Identification of NASH Quantitative Trait Loci (QTLs) using in silico mapping analysis in inbred mice

Abstract

Aims: Non-alcoholic steatohepatitis (NASH) is a polygenic disease associated with the metabolic syndrome, however, the pathogenesis is poorly understood. The methionine-choline deficient (MCD) diet is an extensively utilized animal model for progressive steatohepatitis. Recently in silico QTL analysis has been developed as a novel method for chromosomal mapping of complex disease-related traits (1). The aims of this study are to define strain-specific differences of the MCD model of NASH and to utilize in silico mapping analysis to identify gene loci associated with steatohepatitis. Methods: A/J, AKR/J, BALB/c/J, C57BL/6J and DBA/2J inbred strains of mice were fed an MCD diet for up to 25 weeks.

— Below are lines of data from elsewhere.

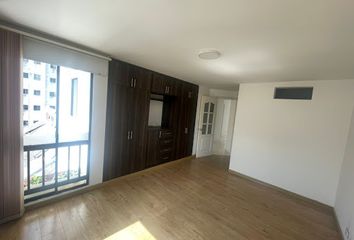 Apartamento en  Álamos, Bogotá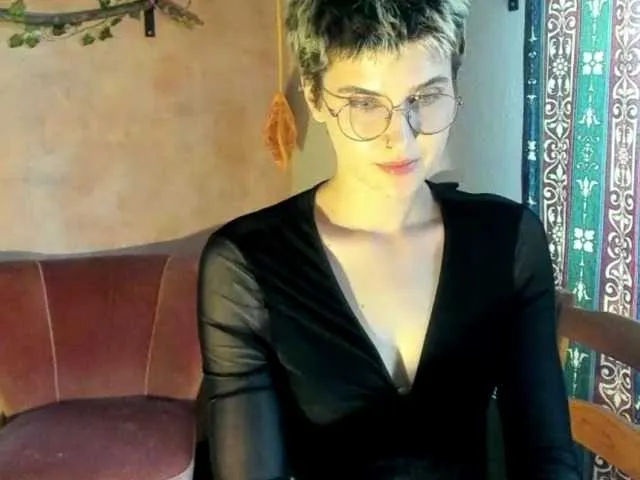 soft-sarah Image 8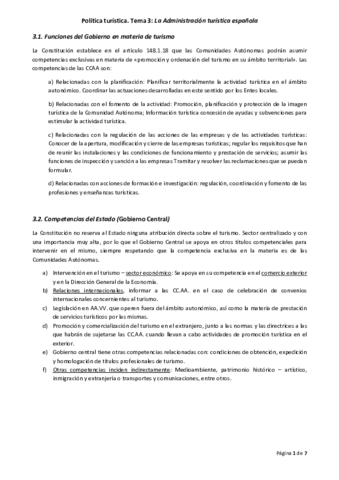 Tema3-Apuntes1.pdf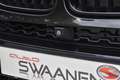 BMW X4 xDrive28i High Executive M Sport | Glasdak | ACC | Negro - thumbnail 36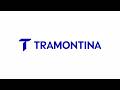 Ножи Tramontina Century для овощей и фруктов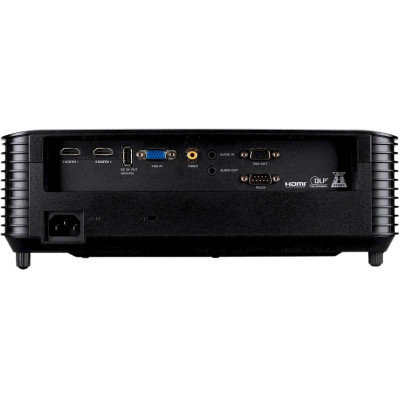 Проектор Acer X1328AF (MR.JXU11.001) Вінниця - фото 4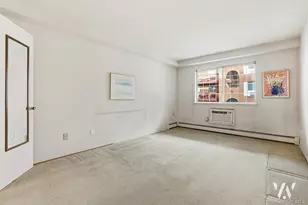 55 N Broadway, White Plains, NY 10601 - Photo 9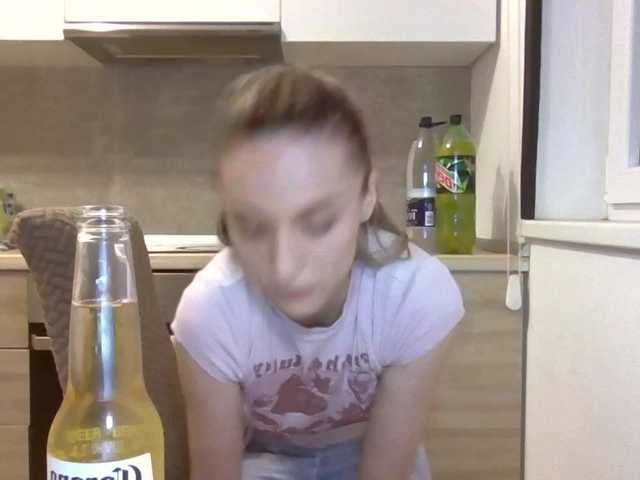 Anais8900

ALT, weight loss (WL), liver/body weight ratio (LW) and hepatic triglycerides (HT) were measured. The QTLs responsible for steatohepatitis in mice were mapped in silico, employing the Roche Mouse SNP Database and the Chesler algorithm. Using the SNP distributions across the inbred strains, the number of allelic differences between 2 strains was calculated at 30cM chromosomal intervals. Phenotypic and genotypic distance arrays (1 per 30cM window) were composed, and linear regression was used to calculate the correlation coefficients between the phenotypic and each of the genotypic arrays. Results: Strain specific phenotypic differences of ALT, WL, LW, and HT levels are identified in the 5 strains. By haplotype mapping with 109 SNPs, strong positive correlations (standardized correlation >1.5) are detected between HT concentrations and gene loci (QTLs) on chromosomes (Chr) 2, 5, and 14. QTLs that determine ALT activities map to Chr 1, 4, 7, 12, and 14, three of which co-localize with gene loci affecting WL. Gene loci associated with LW map to Chr 6, 7, 11, 14, and 19. Of note, a region on Chr 14 harbors QTLs for ALT, WL, LW, and HT. Conclusions: These data indicate that multiple gene loci (Nash genes) affect the development of steatohepatitis in the MCD model of NASH. Four distinct phenotypic QTLs co-localize on Chr 14, and several loci affecting ALT activities co-localize with loci affecting WL, LW or HT accumulation. We speculate that many distinct but interacting Nash loci modulate the pathophysiological mechanisms responsible for NASH.